Tout commence quand le Néerlandais Jos Verstappen, le papa de Max, tombe en panne d’essence sur le circuit juste à la sortie du virage Spoon. Il gare sa Tyrrell-Ford sur le gazon en bordure gauche de piste. Un tracteur est envoyé pour soulever et enlever la monoplace de cet endroit jugé dangereux.

Malgré la présence des drapeaux jaunes agités, Villeneuve ne ralentit pas suffisamment. Non pas une fois, mais deux fois. Et cela met évidemment les commissaires de course en furie.

Villeneuve n’est pourtant pas le seul pilote à ne pas avoir convenablement ralenti à cet endroit : Heinz-Harald Frentzen, Michael Schumacher, Rubens Barrichello, Ukyo Katayama et Johnny Herbert ont tous imité le Québécois, mais ce dernier est sous le coup d’une suspension…

Les trois commissaires, le Suisse Paul Gutjahr, le Français Francis Murac et le Japonais Shintaro Taki, examinent les images vidéo et prennent une décision qui a des conséquences directes sur la suite du championnat. En fin d’après-midi samedi, ils annoncent qu’en conséquence de la sentence prononcée en Italie, Jacques Villeneuve est exclu du Grand Prix du Japon. Les cinq autres pilotes écopent d'une course de suspension avec sursis.

Imaginez : il ne reste que deux épreuves à disputer, le Japon et le Grand Prix d’Europe à Jerez, et Villeneuve doit impérativement rater la course japonaise ! Villeneuve, lui aussi dans une colère noire, s’enferme dans le motorhome Williams avec les hauts gradés de l’écurie. Que faire ?

Villeneuve est convaincu que cette punition, qu’il juge extrêmement dure, a été prise par la FIA en représailles à ses propos tenus en début de saison quand il a critiqué la nouvelle règlementation de la F1. Dans un récent article, son ingénieur, Jock Clear, a justement mentionné que Jacques avait échafaudé des théories du complot ou de conspiration, affirmant que l’establishment de la F1 ne voulait pas qu’il remporte le titre. Il croit que tout favorise Ferrari qui n’a pas remporté de titre mondial des pilotes depuis 1979 avec Jody Scheckter.

Les dirigeants de l’écurie Williams, Jacques et son agent, Craig Pollock, arrivent à la conclusion que Villeneuve doit disputer cette course coûte que coûte, sans froisser la FIA. L’écurie britannique fait donc appel de la sanction. Ainsi, Villeneuve pourra disputer le Grand Prix dimanche et, avec l’aide de son coéquipier Heinz-Harald Frentzen, tentera d’empêcher Schumacher de lui prendre trop de points. Néanmoins, peu importe sa position à l’arrivée, Villeneuve sera disqualifié. Et dimanche, après la course, l’écurie retirera son appel afin de permettre à Villeneuve de disputer le dernier Grand Prix de la saison.

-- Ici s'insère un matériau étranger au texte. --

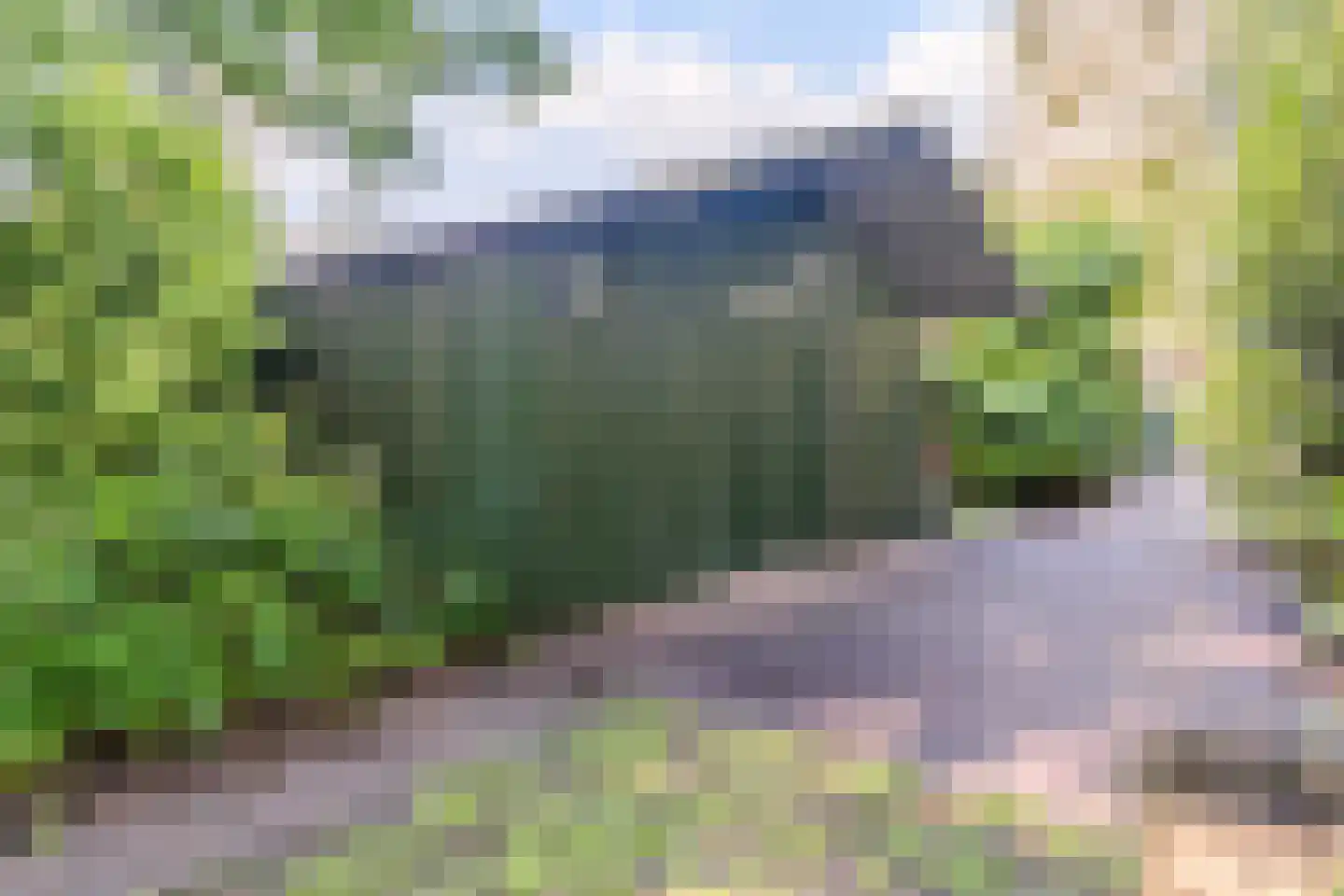 Eerste Blokweg 92 Vroomshoop thumbnail 53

Villeneuve inscrit la pole position devant Schumacher, Eddie Irvine (Ferrari F310B), Mika Häkkinen (McLaren MP4/12-Mercedes), Gerhard Berger (Benetton B197-Renault) et Frenzten.

En course, Villeneuve roule dans le trio de tête jusqu’à son premier pit stop. Au jeu des ravitaillements, Irvine se retrouve en tête devant Schumacher et Villeneuve. Puis, obéissant aux consignes de l’écurie Ferrari, Irvine laisse passer Schumacher puis bloque la route à Villeneuve. Les choses empirent pour ce dernier lors de son deuxième et dernier ravitaillement quand un problème de raccord avec l’embout du tuyau de remplissage d’essence lui fait perdre 14 longues secondes !

Au bout des 53 tours de la course, Villeneuve termine cinquième et est disqualifié. C’est le pire scénario pour lui, car le vainqueur est nul autre que Michael Schumacher qui fait le plein de points ! Frentzen a quand même effectué du très bon boulot en se classant second devant Irvine. Villeneuve est très déçu de s’être fait piéger de la sorte par l’écurie Ferrari.

Au championnat du monde, un tout petit point sépare désormais les deux protagonistes. Schumacher est désormais premier avec 78 points, un de plus que Villeneuve.

Le titre mondial va donc se jouter le circuit de Jerez à l’occasion du Grand Prix d’Europe, étape ultime de cette saison 1997.